K8s tokens url copied!

It turns out that Kubernetes has its own approach to security – and this is something I can use to solve my problem. Most of the docs that you come across for AKS assume that you'll be using Active Directory, but it turns out you can use role-based access control (referred to as RBAC in the docs) with internal accounts too. So you can create an account in Kubernetes, grant it some permissions and then give its authentication tokens to DevOps to use when it connects.

Sounds simple – but like many things here, it requires some thought.

Getting an account url copied!

Kubernetes has the concept of "service accounts" – users which can perform actions in the system but are expected to be used by other computers rather than people. Some documentation only discusses this inside your cluster, when pods need to communicate. However there is also some documentation that discusses how these can be used for external systems to perform actions in your cluster.
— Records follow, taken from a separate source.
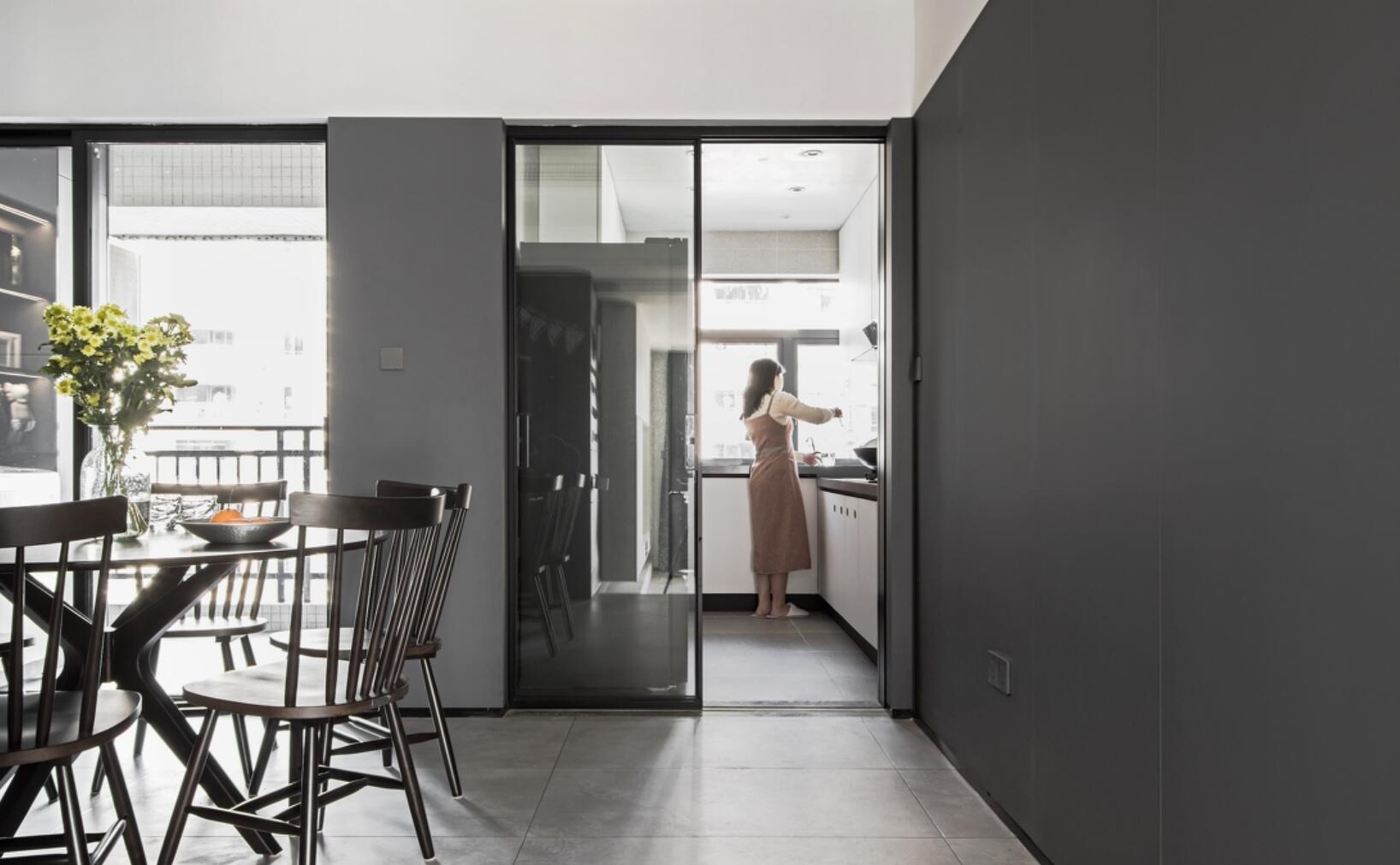 小拾谈装修 一家六口自律的生活:全屋干净整洁,色彩高级大气,太清爽了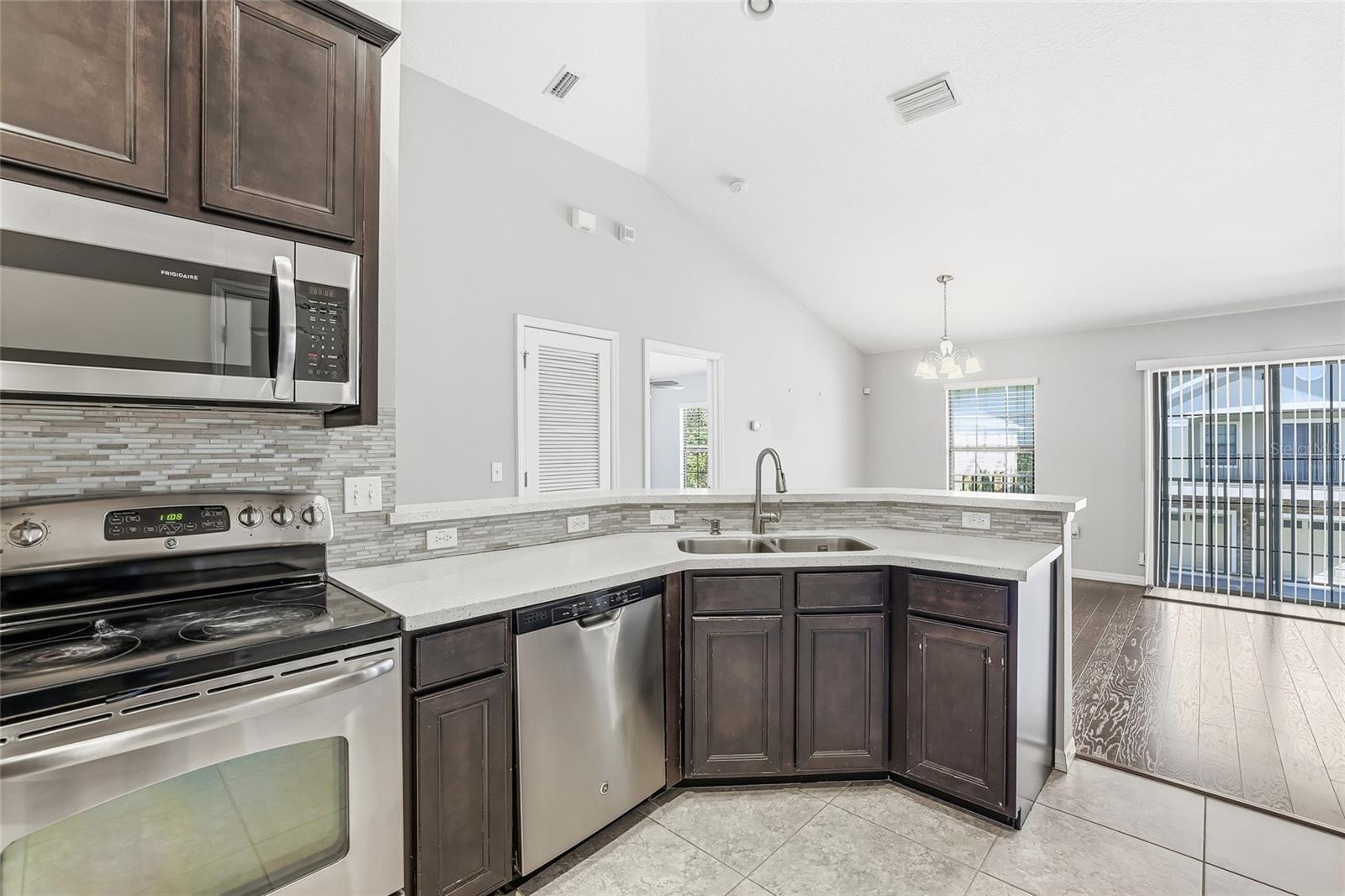 Image 17 of 34 For 5723 Kingsletsound Place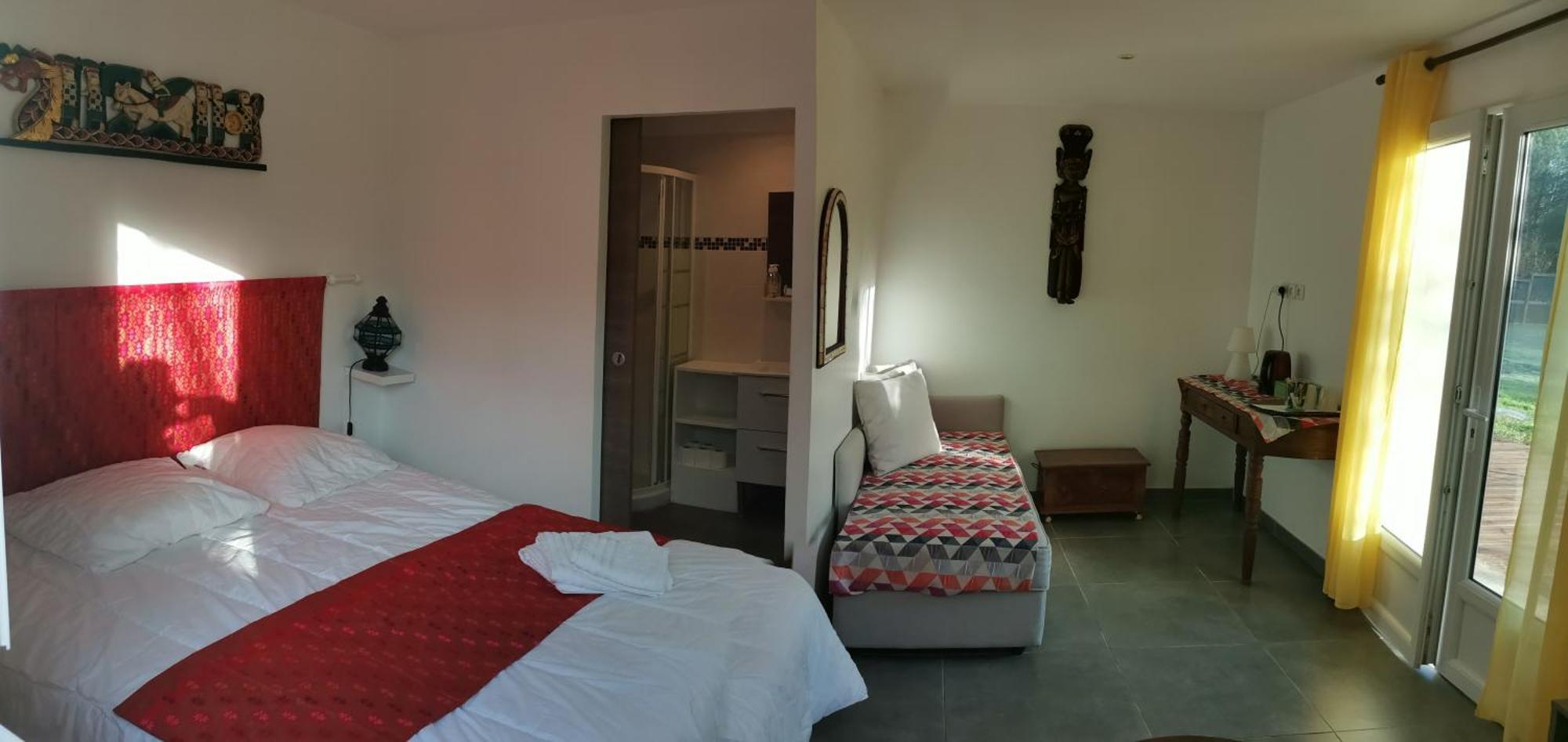 ルゴス Les Rouges Gorges Bed & Breakfast エクステリア 写真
From the command line you can create a new service account with kubectl. So I started by creating one in my Sitecore deployment's namespace. However despite a variety of experiments here, I was unable to make that work correctly – it was easy to create the account, but AKS would always refuse to perform any actions under these credentials. After a lot of research, I found one article that described putting your service account into the "kube-system" namespace. And this worked for me.

So the command I created the user with ended up as:

kubectl -n kube-system create serviceaccount azure-pipeline

					

Once you have an account, you need to "bind" it to a role, telling AKS which rights the account should have. Kubernetes calls this a "role binding". And Kubernetes roles can be scoped to either your application or to the entire cluster. Given the issue above, a cluster scoped role and binding seems more appropriate.

Again, I tried creating my own role, with what I thought was the right set of permissions, but was unable to make it work. So I fell back to one of the built-in admin roles. While this isn't best security practice, it's good enough to make the whole thing work while I learn more.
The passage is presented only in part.